--- /dev/null
+From b47fffb0f6dc285fe39613a5838e4e50f4f35202 Mon Sep 17 00:00:00 2001
+From: Kevin Darbyshire-Bryant <ldir@darbyshire-bryant.me.uk>
+Date: Fri, 15 Mar 2019 09:35:37 +0000
+Subject: [PATCH] tc: add support for action act_ctinfo
+MIME-Version: 1.0
+Content-Type: text/plain; charset=UTF-8
+Content-Transfer-Encoding: 8bit
+
+ctinfo is a tc action restoring data stored in conntrack marks to
+various fields. At present it has two independent modes of operation,
+restoration of DSCP into IPv4/v6 diffserv and restoration of conntrack
+marks into packet skb marks.
+
+It understands a number of parameters specific to this action in
+additional to the usual action syntax. Each operating mode is
+independent of the other so all options are optional, however not
+specifying at least one mode is a bit pointless.
+
+Usage: ... ctinfo [dscp mask [statemask]] [cpmark [mask]] [zone ZONE]
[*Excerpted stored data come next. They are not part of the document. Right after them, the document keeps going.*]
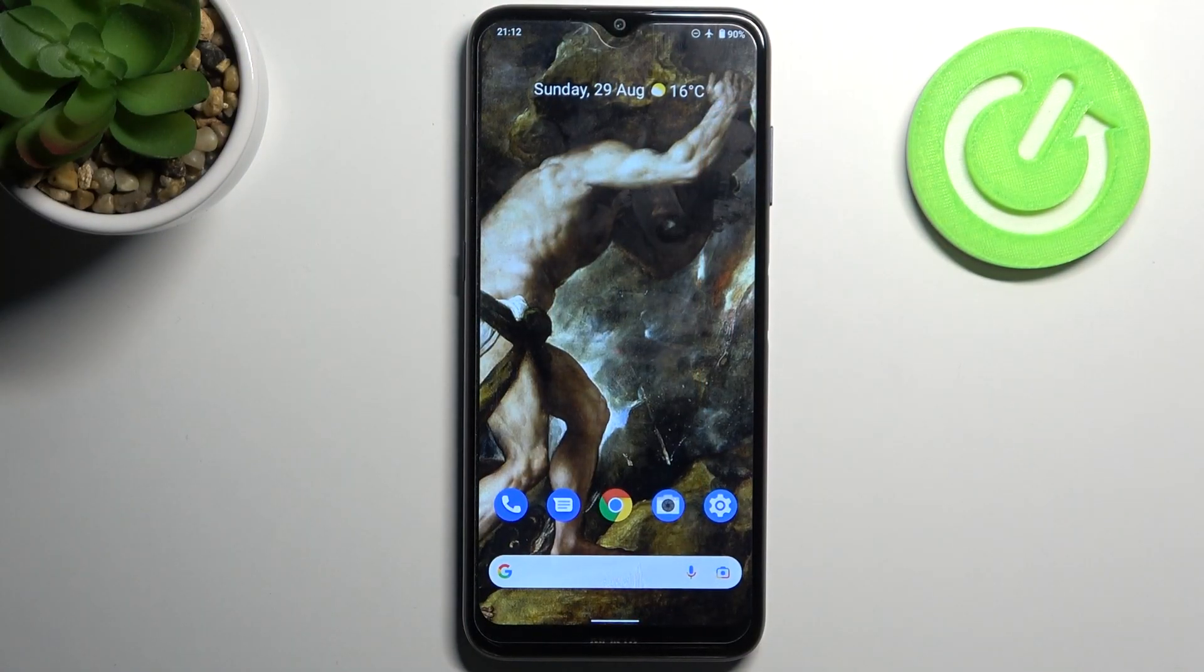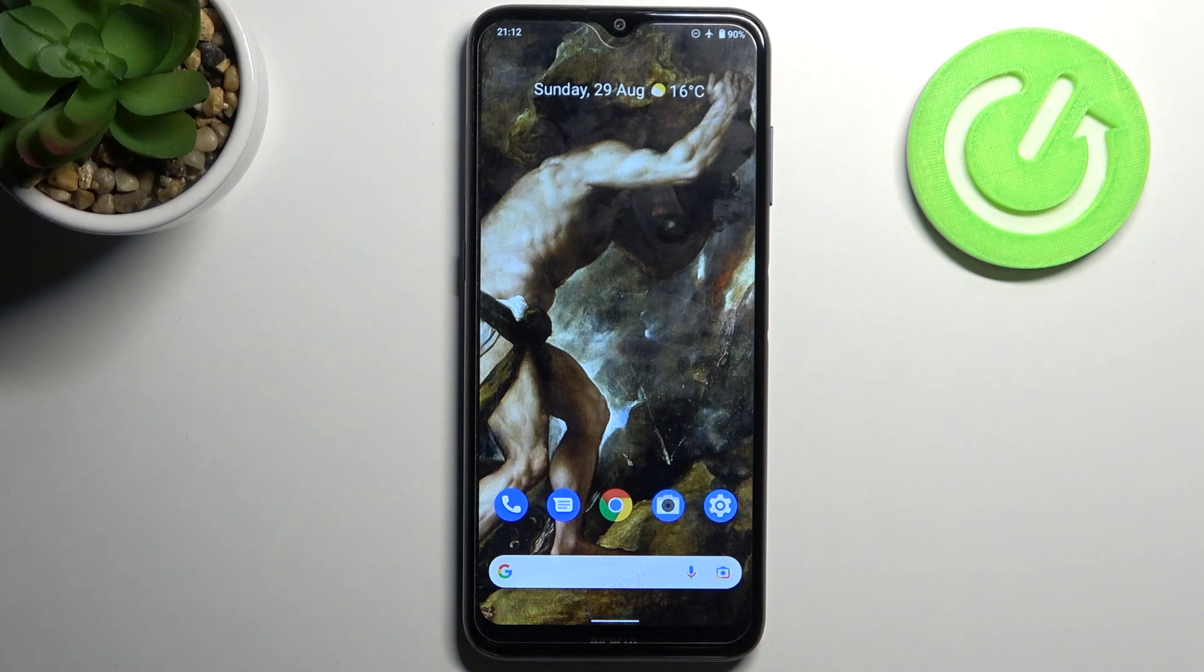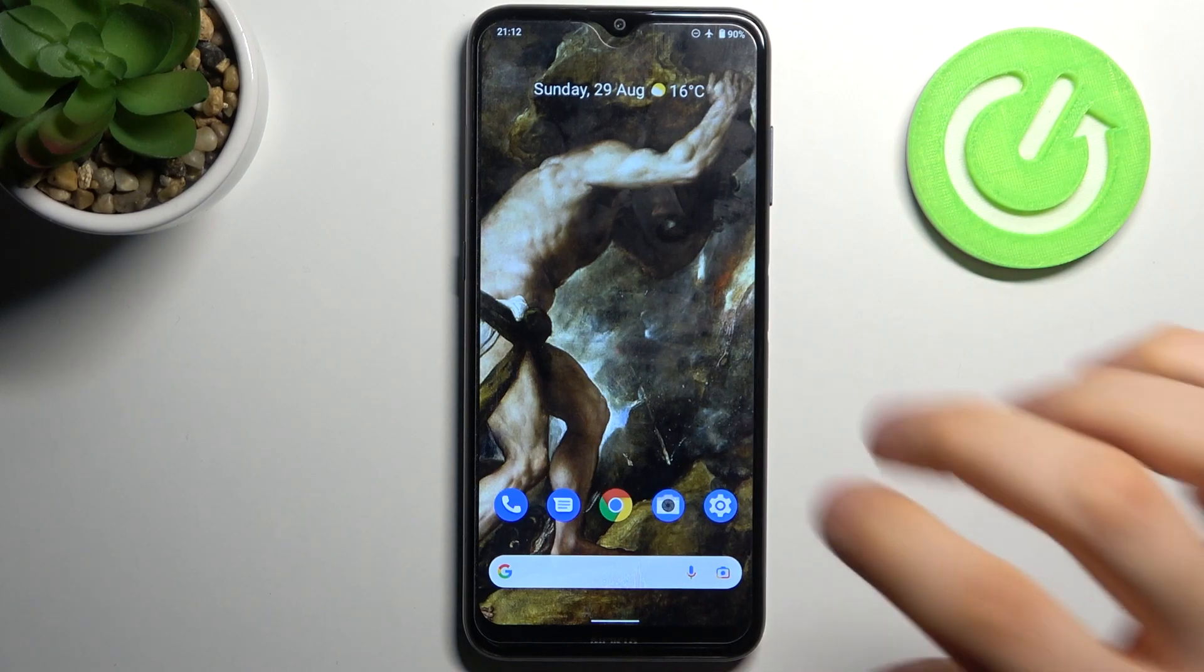Here I have Nokia G20 and today I'm going to show you how to perform factory reset operation on this device.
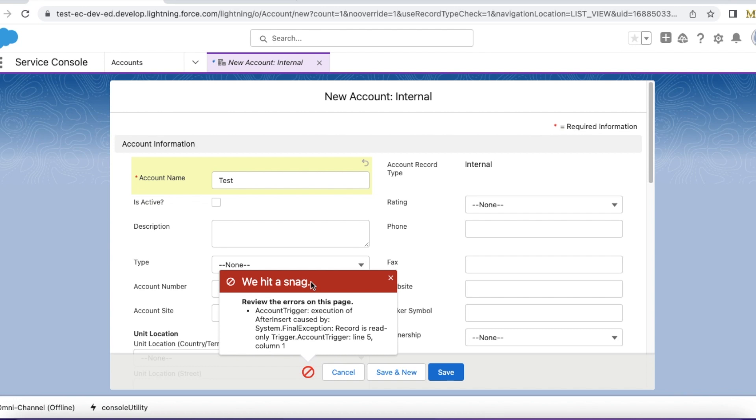Hello everyone, in this video we are going to see system.finalException record is read only.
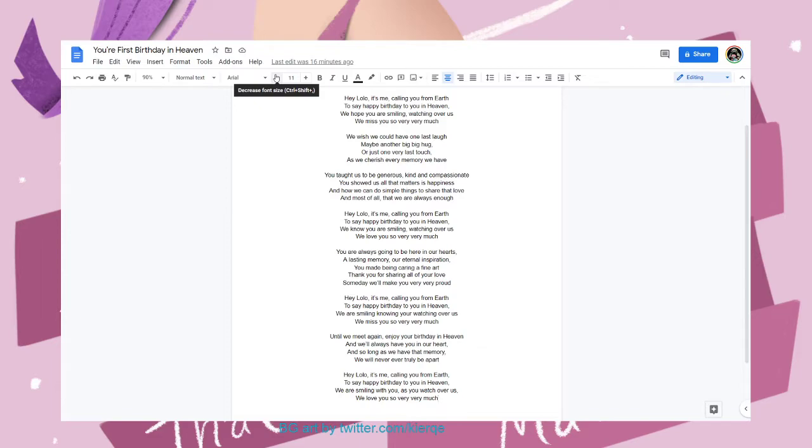You showed us all that matters is happiness, and how you can do simple things to share that love, and most of all that we are always enough. Hey, Lulu, it's me.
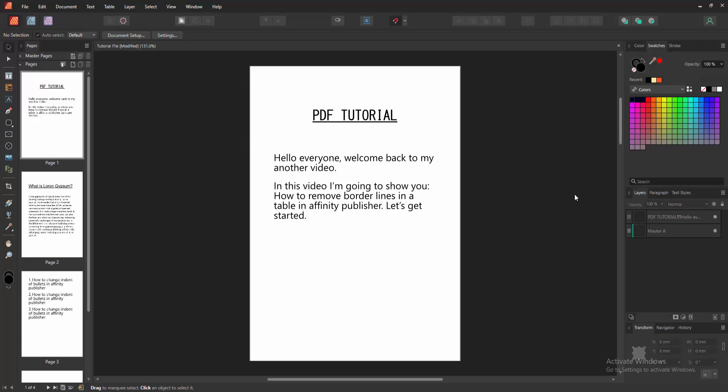Assalamualaikum, hello friends, how are you? Welcome back to my another video. In this video I'm going to show you how to remove borderline in table in Affinity Publisher. Let's get started. Firstly we have to open an Affinity Publisher document.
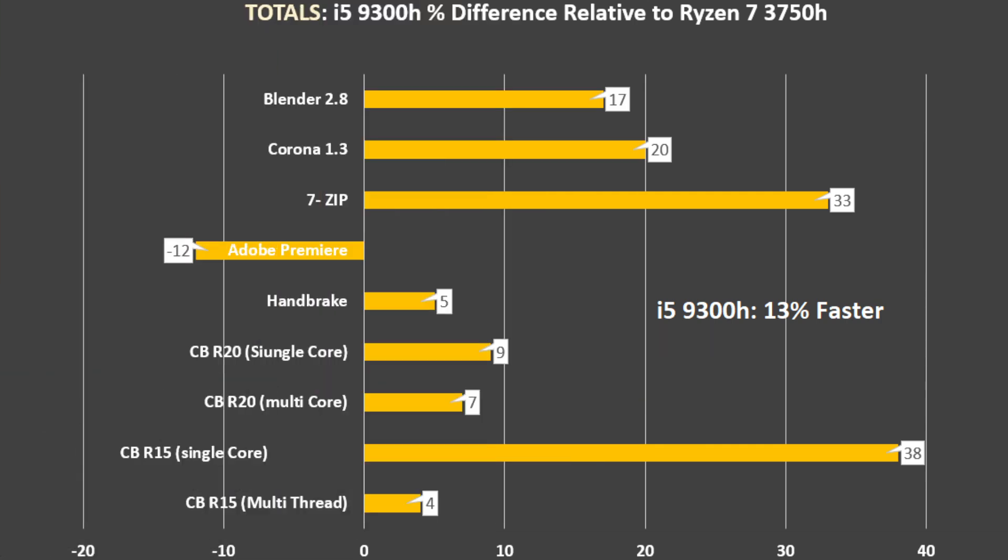Here is a summary chart comparing the percentage difference between the 9300H and the 3750H. Apart from that Adobe Premiere Pro test, the 9300H was consistently faster, both in multi-threaded and single-threaded workloads. On average, it was 13% faster than the 3750H.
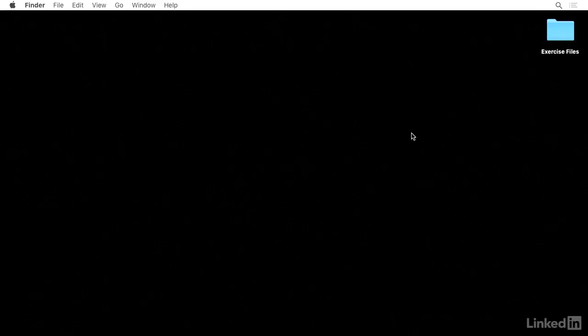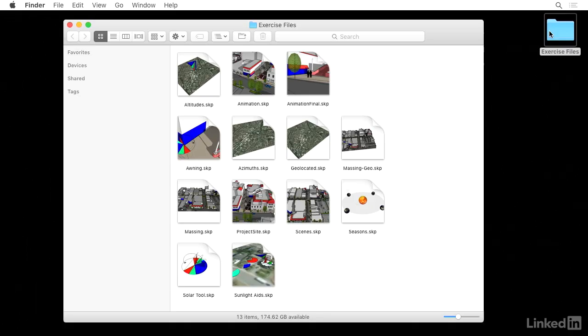If you have access to the exercise files for this course, you can download them to your desktop, like I've done here. The files will be called by name in the individual videos, so it's all very clear.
+ [CONTROL] [index <INDEX>]
+
+DSCP mode
+
+dscp enables copying of a DSCP stored in the conntrack mark into the
+ipv4/v6 diffserv field. The mask is a 32bit field and specifies where
+in the conntrack mark the DSCP value is located. It must be 6
+contiguous bits long. eg. 0xfc000000 would restore the DSCP from the
+upper 6 bits of the conntrack mark.
+
+The DSCP copying may be optionally controlled by a statemask. The
+statemask is a 32bit field, usually with a single bit set and must not
+overlap the dscp mask. The DSCP restore operation will only take place
+if the corresponding bit/s in conntrack mark ANDed with the statemask
+yield a non zero result.
+
+eg. dscp 0xfc000000 0x01000000 would retrieve the DSCP from the top 6
+bits, whilst using bit 25 as a flag to do so. Bit 26 is unused in this
+example.
+
+CPMARK mode
+
+cpmark enables copying of the conntrack mark to the packet skb mark. In
+this mode it is completely equivalent to the existing act_connmark
+action. Additional functionality is provided by the optional mask
+parameter, whereby the stored conntrack mark is logically ANDed with the
+cpmark mask before being stored into skb mark. This allows shared usage
+of the conntrack mark between applications.
+
+eg. cpmark 0x00ffffff would restore only the lower 24 bits of the
+conntrack mark, thus may be useful in the event that the upper 8 bits
+are used by the DSCP function.
+
+Usage: ... ctinfo [dscp mask [statemask]] [cpmark [mask]] [zone ZONE]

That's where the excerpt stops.